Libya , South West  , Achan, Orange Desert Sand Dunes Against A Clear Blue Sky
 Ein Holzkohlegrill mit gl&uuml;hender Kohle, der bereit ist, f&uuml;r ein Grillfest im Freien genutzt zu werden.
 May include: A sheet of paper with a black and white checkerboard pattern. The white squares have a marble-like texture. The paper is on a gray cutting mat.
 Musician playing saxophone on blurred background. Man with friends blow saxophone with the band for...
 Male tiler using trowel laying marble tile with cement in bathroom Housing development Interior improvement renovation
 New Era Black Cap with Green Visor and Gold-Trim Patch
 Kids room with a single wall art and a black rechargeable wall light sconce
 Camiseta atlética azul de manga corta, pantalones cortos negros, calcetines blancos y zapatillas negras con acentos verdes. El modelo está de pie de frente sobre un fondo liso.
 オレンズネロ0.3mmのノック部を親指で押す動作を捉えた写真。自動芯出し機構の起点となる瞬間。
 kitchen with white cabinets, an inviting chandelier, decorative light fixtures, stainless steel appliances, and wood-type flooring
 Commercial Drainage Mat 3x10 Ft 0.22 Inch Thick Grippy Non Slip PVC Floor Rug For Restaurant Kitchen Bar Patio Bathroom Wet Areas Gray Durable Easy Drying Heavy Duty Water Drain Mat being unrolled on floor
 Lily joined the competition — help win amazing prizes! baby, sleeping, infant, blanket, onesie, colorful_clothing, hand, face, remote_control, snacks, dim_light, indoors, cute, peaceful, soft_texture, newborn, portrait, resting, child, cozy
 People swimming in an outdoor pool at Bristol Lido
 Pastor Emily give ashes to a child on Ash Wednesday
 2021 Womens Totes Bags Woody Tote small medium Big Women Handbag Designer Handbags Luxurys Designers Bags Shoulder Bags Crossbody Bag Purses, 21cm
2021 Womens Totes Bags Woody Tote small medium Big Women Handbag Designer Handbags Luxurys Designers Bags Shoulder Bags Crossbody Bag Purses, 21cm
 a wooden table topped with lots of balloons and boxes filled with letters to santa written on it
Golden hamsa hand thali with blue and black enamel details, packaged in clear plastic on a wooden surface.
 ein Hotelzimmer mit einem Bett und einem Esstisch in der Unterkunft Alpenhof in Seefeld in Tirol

※

- _Instructions for the task_: Which lines above contain "medium"? Show each of them.

- _Worked solution_:
 2021 Womens Totes Bags Woody Tote small medium Big Women Handbag Designer Handbags Luxurys Designers Bags Shoulder Bags Crossbody Bag Purses, 21cm
2021 Womens Totes Bags Woody Tote small medium Big Women Handbag Designer Handbags Luxurys Designers Bags Shoulder Bags Crossbody Bag Purses, 21cm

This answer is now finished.